Nie ma aż tak wielkiej tragedii z tym kapaniem , ale zawsze...Myślałem o podbiciu tego wszystkiego jakąś płytą. Na razie musi tak zostać. Mam inne ważniejsze tematy do zrobienia.
Roman prosił o foto mechanizmu drzwi:

Nie wiem czy Romana zadowolą moje fotki, nie są zbyt wymowne. Konstrukcja drzwi prosta w swojej formie, ale długo by się rozpisywać , jak to wszystko działa i jak wygląda. Po prostu to trzeba widzieć.

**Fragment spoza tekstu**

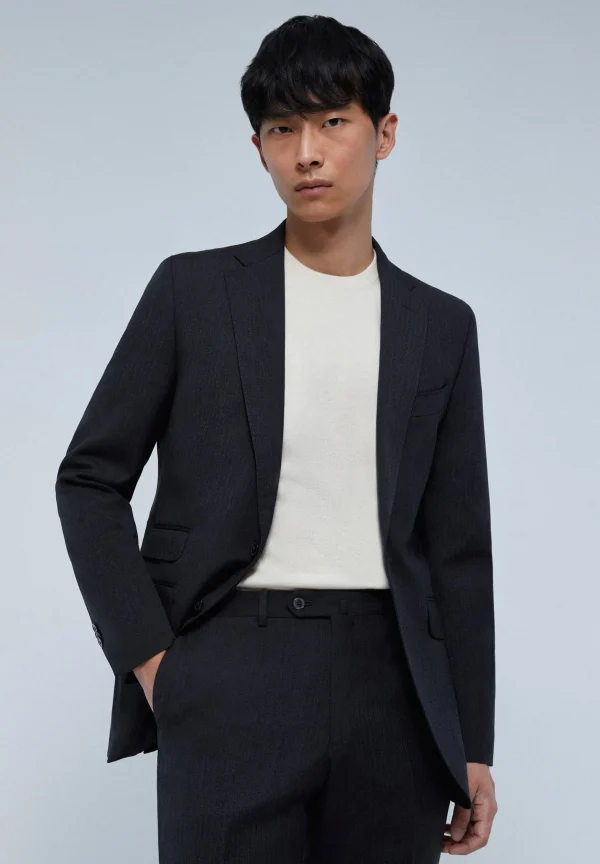 scalperscompany Traje Estructura Gris Lana-Hombre Trajes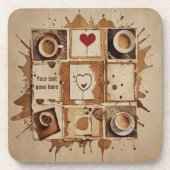 Vintage Liebe und Kaffee Getränkeuntersetzer (Vorderseite)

Drzwi pochodzą z demontażu z pewnego zakładu. Napędzane silnikiem trójfazowym 0,75KW. W tej chwili nie dorobiłem jeszcze automatyki więc wszystko odbywa się na zasadzie wyłącznika lewo-prawo. Te zwisające kable to właśnie wyprowadzenia od wyłączników krańcowych zainstalowanych fabrycznie w przekładni. Może śmiesznie wygląda ta ręczna wiertarka zamontowana przeze mnie pod tym całym urządzeniem, ale to efekt, przykrego doświadczenia jakiego doznałem zaraz , kilka dni po zamontowaniu. Po prostu pewnego dnia, na cały dzień elektrownia wyłączyła prąd...... hehehe. To jest właśnie ręczne, awaryjne otwieranie "na korbkę", jakie niedawno dorobiłem.